Okay, so what the world needs Rex for…
I was watching Olbermann last night and it was that other dude subbing in for Keith and he was talking to Dan Was about the current crop of anti-Bush songs and Was was pulling that insufferable music snob crap about how these songs are not as good as songs from the 60s because they’re too specific, as if ambiguity in a protest song is good.
I mean, could you imagine if Woody Guthrie had been all like “This land belongs to some folks/ let’s not get too specific. This land belongs to some other folks / clear to the Pacific. Which is an ocean I have no opinion about. This land is here beneath my feet.”?*
Anyway, my point is that Charles Wolfe, god rest his soul, is dead, which means there isn’t anyone who can just be like, “Excuse me, but I believe you’ve over-looked the grand and important contributions of…” whoever. I don’t known, because I don’t know that much about music.
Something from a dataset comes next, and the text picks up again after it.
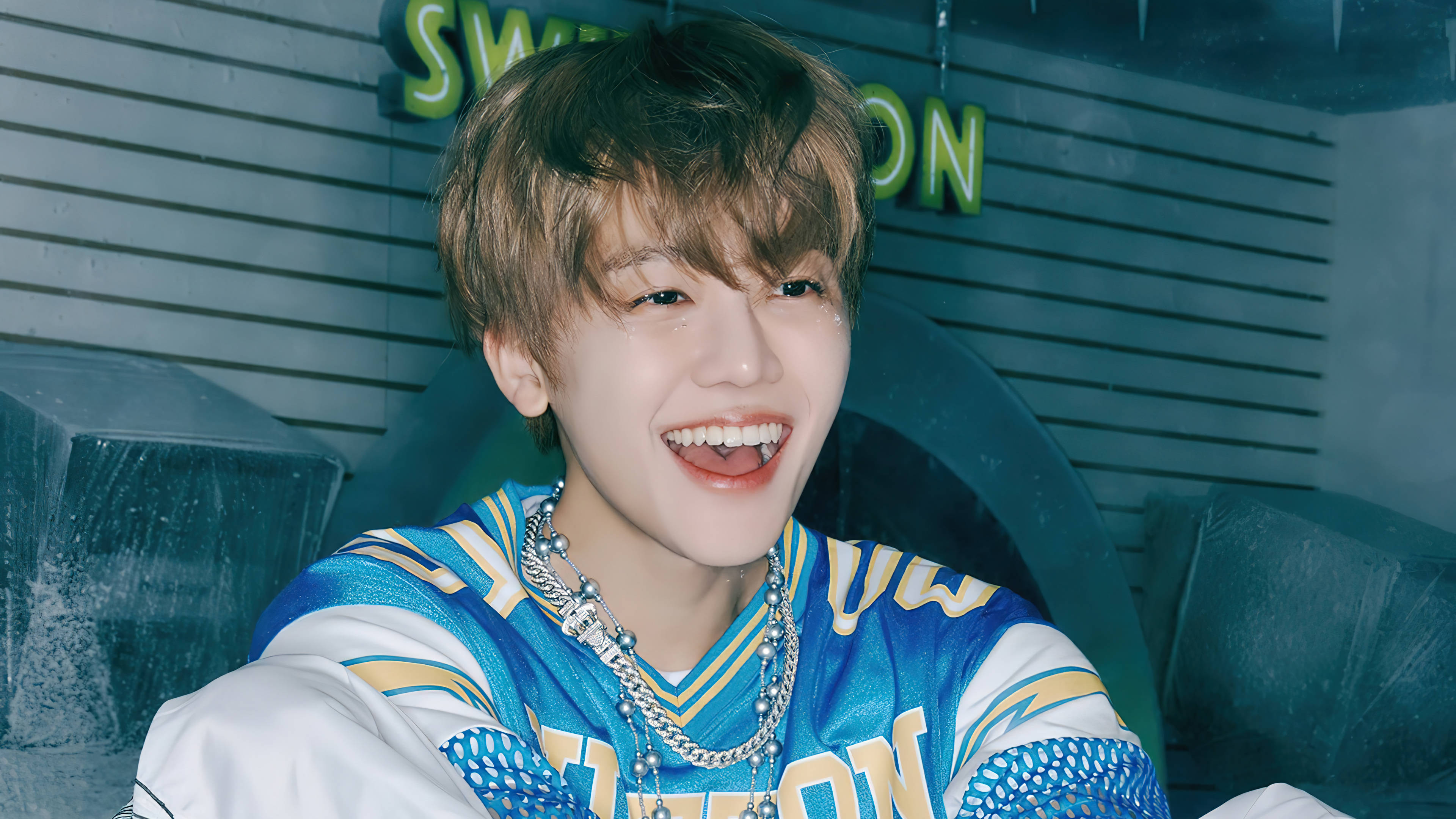 Jaemin NCT, blue and white sports jersey, chains, 4K Desktop Wallpaper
But Rex L. Camino does and he could learn more. It could then be his job to call up places while folks are on the air and be polite, yet firm, as he corrected their myopic notions of what American music is.
*Shoot. That’s kind of good! Maybe I should get into the ambiguous non-offensive protest song writing business.
Check out the Wayward Boy Scout’s awesome mullet.
Wooo.
Hey, Boy Scout! Let’s take your Camaro out to the lake and we’ll turn the Dokken way up loud and I’ll let you see my tits.
Oops. Sorry. I slipped back into 1990 there for a second.
Once a girl uses ‘heteronormativity’ in two posts on the same day, she’s allowed to go to bed without doing the dishes, even though she has company coming tomorrow.
Hurray!
1. I’m a little envious of Mrs. Wigglebottom. She’s sleeping on the afghan and looking so cute I just about can’t stand it. I love her freckly nose.
2. I’m a little more envious of The Nashville Knucklehead. If I could write like him, I’d quit my job and spend my days locked in my house masturbating and writing sentences like “As I was falling, I heard a very loud scream. Much to my surprise, it was me. ” I would quickly starve to death and die, but it would be a life well-lived.
3. I’m a little envious of Newscoma, who meets the divine Patrick, who says, “Damn, having Bush do a probe on gasoline and oil is like putting a pedophile in a preschool.”
4. I’m very envious of our Wayward Boy Scout. No, it’s not just because he’s got this sweet old disconcerting way about him that he keeps hidden behind a thin veneer of scary right-wing propaganda. It’s also because how awesome would it be to have someone as cool as me constantly flirting with me?
Does Kleinheider appreciate how awesome it is when I flirt with him? No. Apparently once you become a professional right-wing pundit, you want to be teased by other professional pundits, not us lowly amateur ones. Your loss, Kleinheider. If you won’t flirt back, I’ll just move on to Terry Frank.
Oh, wait, Frank is in favor of heteronormativity. I guess it could never work between us, then. That’s too bad, because she’s like our very own Nancy Grace. It’s kind of cute.